In an emailed statement to the Free Press, a city spokesperson said plans to improve the south Osborne route were put on hold because of riverbank stabilization issues. It also said the city will be doing a design study of another route with similar issues later this year: the North Winnipeg Parkway, which has a gap between Burrows and Alfred avenues, forcing cyclists into a zigzag of residential streets, or onto Main Street.
Friesen said his career with the police force — where he served at one point as the commander of the traffic division — helped form his perspective on cycling and other kinds of active transportation. Even in retirement, the 57-year-old said he and his wife use their bikes to get wherever they need to go, and he hopes more people will start to do the same.
“Our car sits for days on end, because (whatever we do), it’s almost always on a bicycle,” he said.
Mark Cohoe, executive director of the Bike Winnipeg advocacy group, said he was riding on the south Osborne bike path with some friends a few nights ago. They turned around after deciding they wouldn’t be able to make it through the gap.
Cohoe said if people who are new to cycling encounter the same problem, it might turn them off entirely.
“People remember the worst part of their ride, and that’s sort of the decision point for them,” he said. “If they don’t feel like they have a safe connection... they’re going to choose to drive.”
Meanwhile, cyclists travelling a few minutes southeast on the same south Osborne route are being forced onto the road for the foreseeable future.
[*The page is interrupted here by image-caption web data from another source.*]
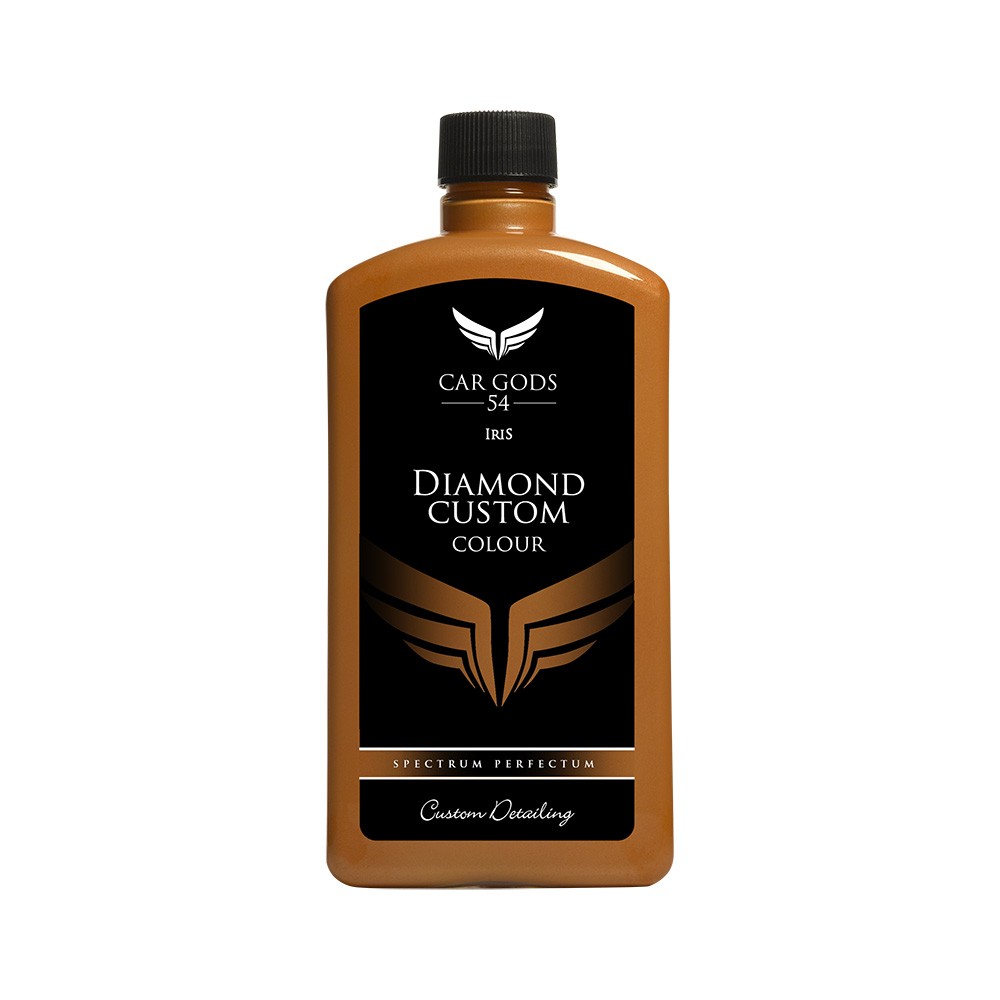 Image for Car Gods Diamond Custom Colour Orange 500ml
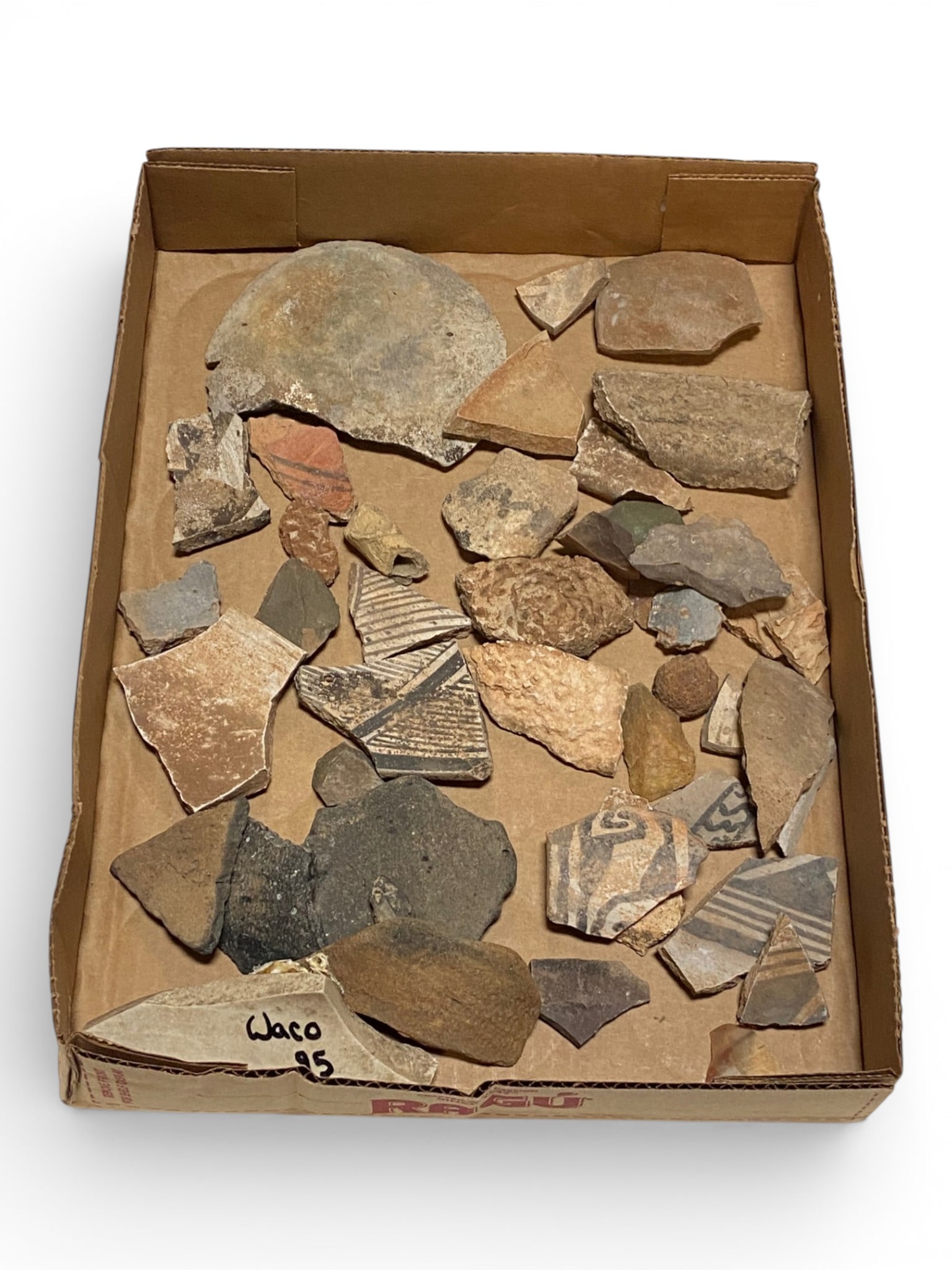 2.3 Lbs. of Various Native American Pottery Pieces: See Photos 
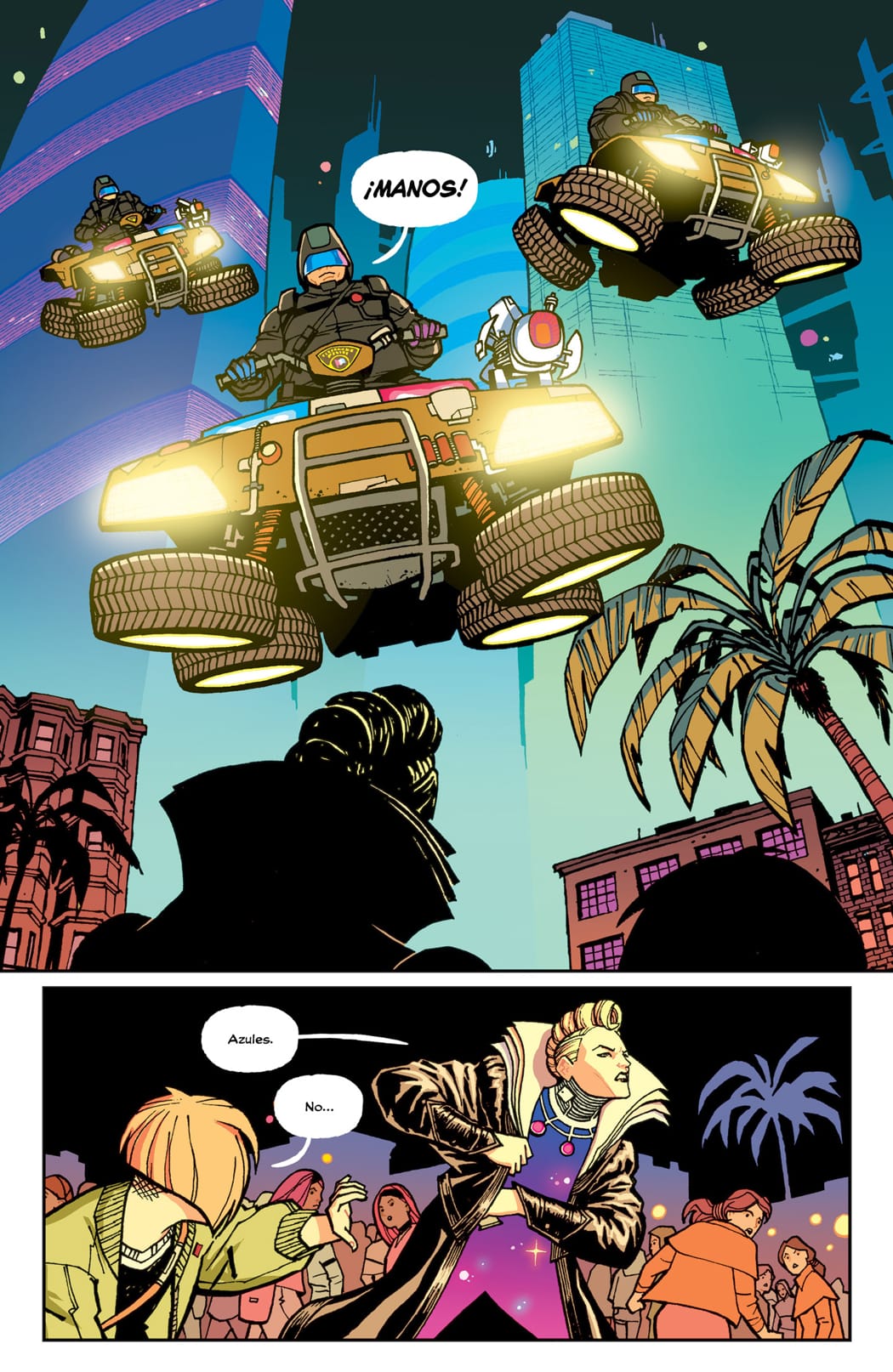 Read Paper Girls (2015) Manga Online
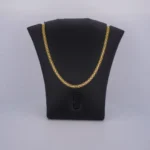 Cadena Tejido Chino en Oro 18 Kilates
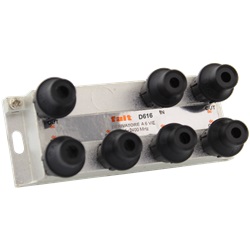 Derivatore Sat-Terr. 6 Vie - 16 Db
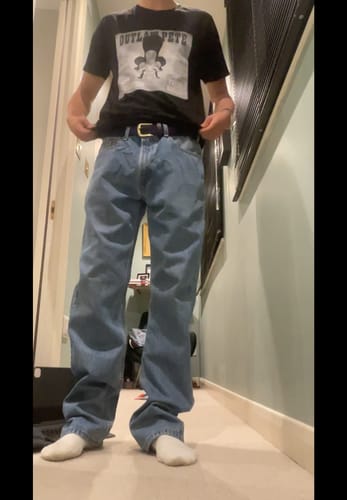 Customer photo review of Levi's 550 Jeans - W34 L34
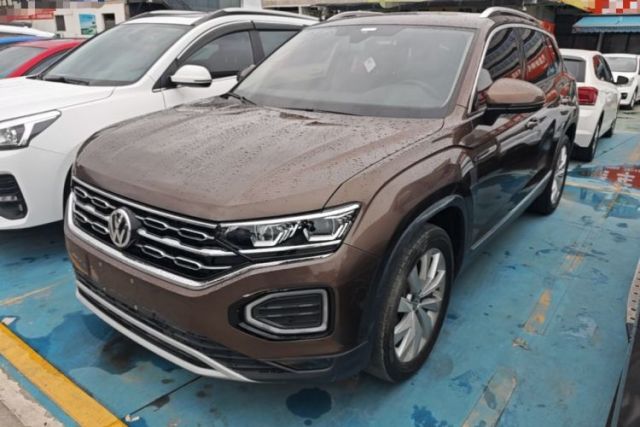 Used Volkswagen Tayron 2020 330TSI Two-Wheel Drive Luxury Connected Pro Edition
On Friday, the city announced it was closing the east sidewalk on the St. Vital Bridge for at least 18 months to replace the sewer main underneath.
With two elections looming in the coming months, Cohoe said he’s hoping to see more leadership encouraging cycling in Winnipeg.
“I think if we want to act on climate change, if we want to act proactively on health, we need to make sure that all levels of government — especially the provincial government, which is responsible for health — make sure funding is available to get people out of their cars and onto their bikes,” he said.